[Extracted material Boundary: Start]

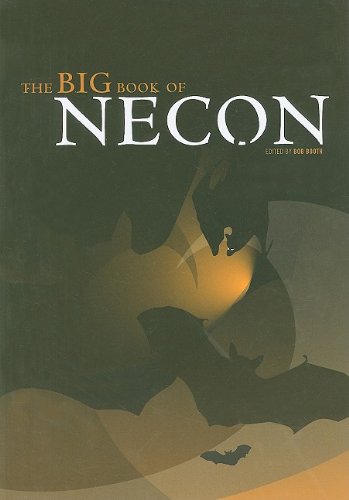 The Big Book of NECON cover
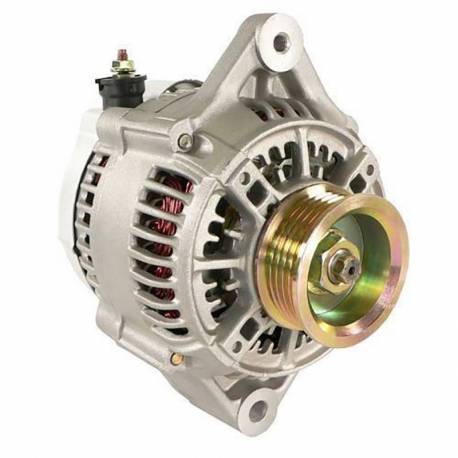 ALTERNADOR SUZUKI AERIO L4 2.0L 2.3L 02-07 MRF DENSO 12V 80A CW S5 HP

[Extracted material Boundary: End]
[Extracted material Boundary: Start]

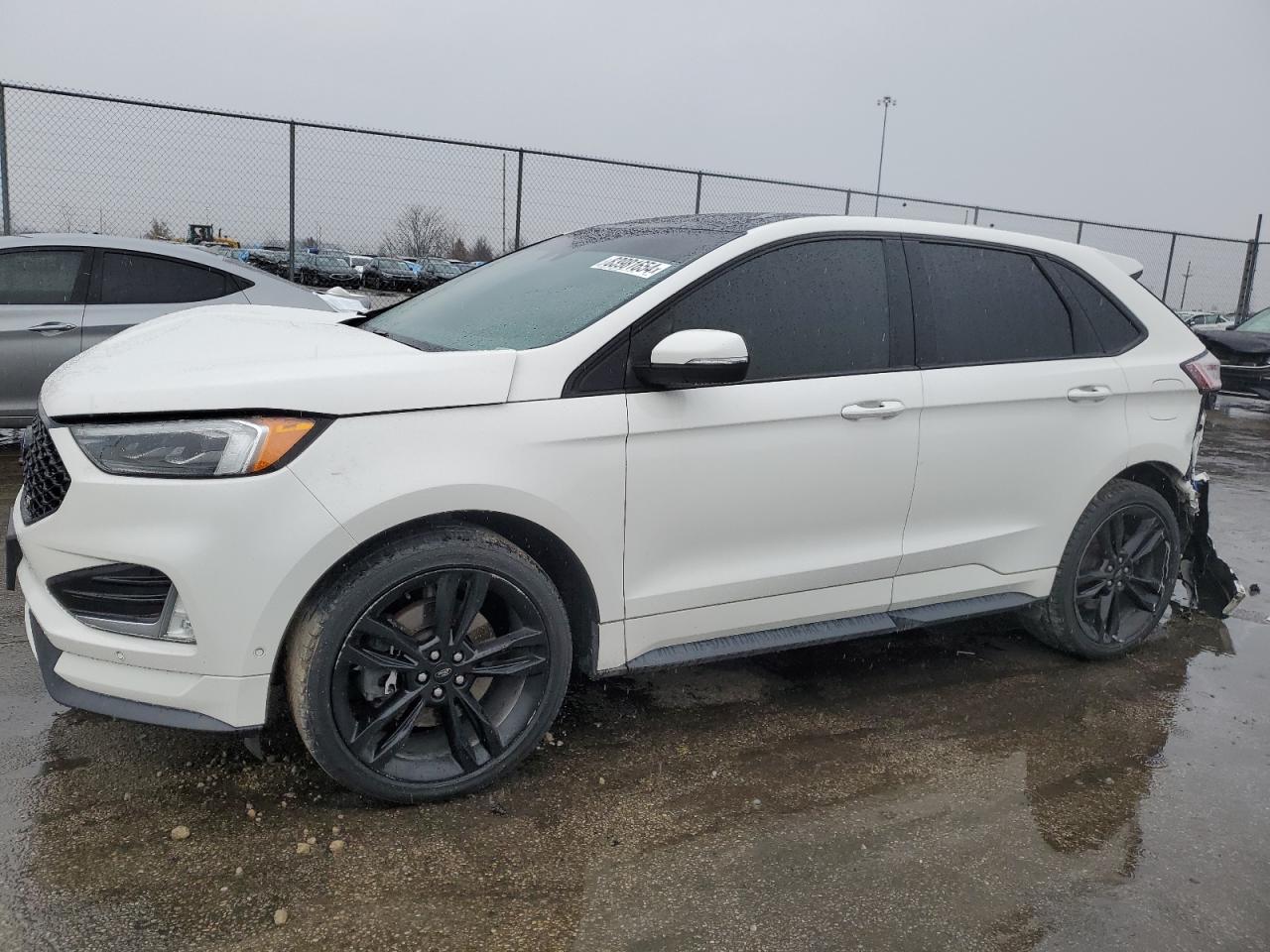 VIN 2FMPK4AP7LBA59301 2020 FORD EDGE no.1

[Extracted material Boundary: End]

• Problem to solve: Exactly as written above, retype the lines starting at the one holding "The Big Book of NECON cover" and ending at the one holding "ALTERNADOR SUZUKI AERIO", both included, but not the pictures.

• Exercise output:
 The Big Book of NECON cover
 ALTERNADOR SUZUKI AERIO L4 2.0L 2.3L 02-07 MRF DENSO 12V 80A CW S5 HP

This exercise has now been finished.